Work required
I'd like the listing below copied exactly, with the images left out.

Recorded data
━━━━━━

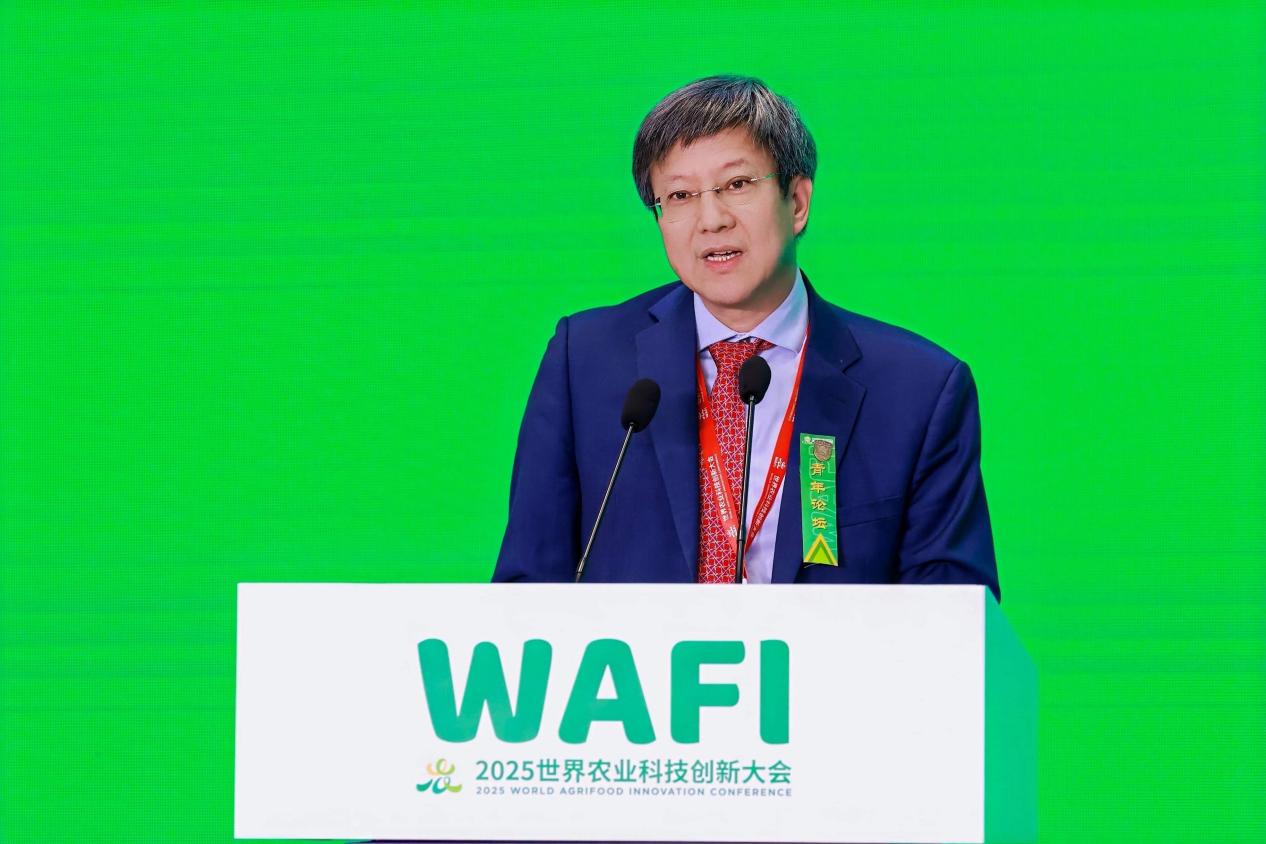 2025WAFI｜全球青年论坛：以青春力量绘就未来农食系统新图景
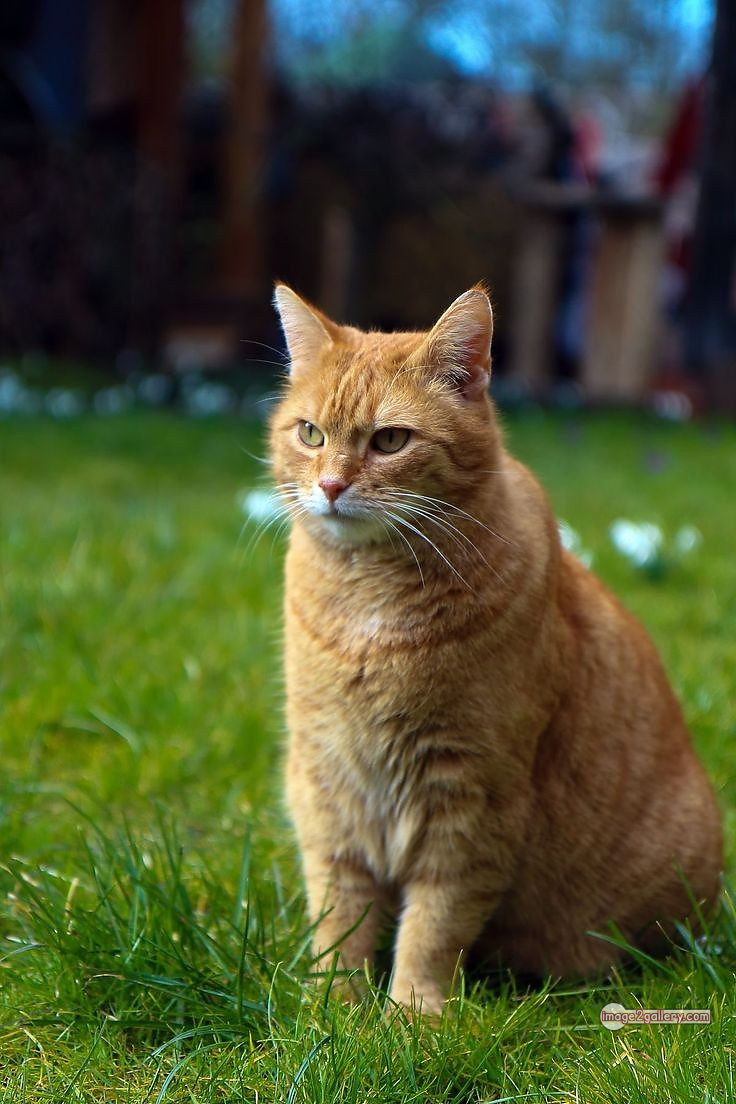 800+ Cute Cate Photos Download | Beautiful Cute Cat Images | 608 cute cute cat photos -(16)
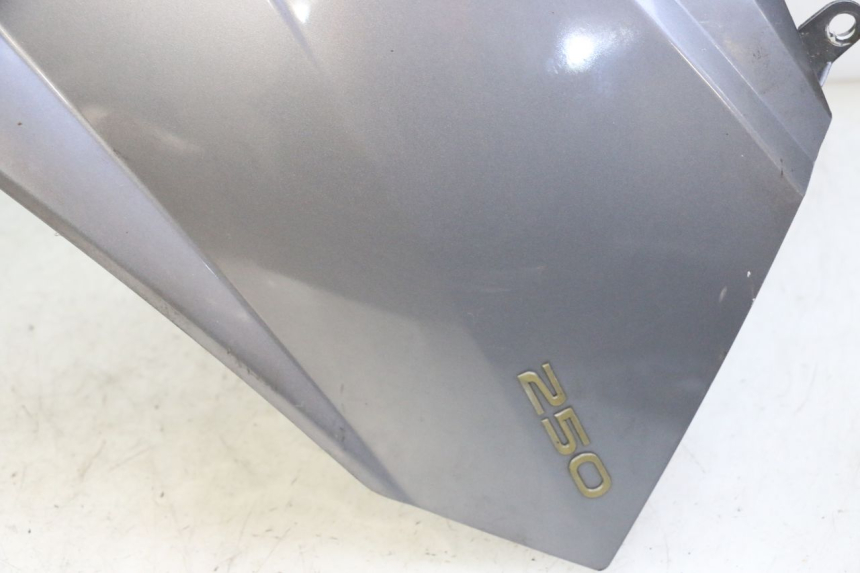 photo de SCUDO CARENA ANTERIORE PEUGEOT SATELIS 250 (2006 - 2012)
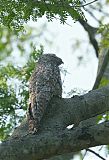 Great Potoo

━━━━━━

Answer to the problem
 2025WAFI｜全球青年论坛：以青春力量绘就未来农食系统新图景
 800+ Cute Cate Photos Download | Beautiful Cute Cat Images | 608 cute cute cat photos -(16)
 photo de SCUDO CARENA ANTERIORE PEUGEOT SATELIS 250 (2006 - 2012)
 Great Potoo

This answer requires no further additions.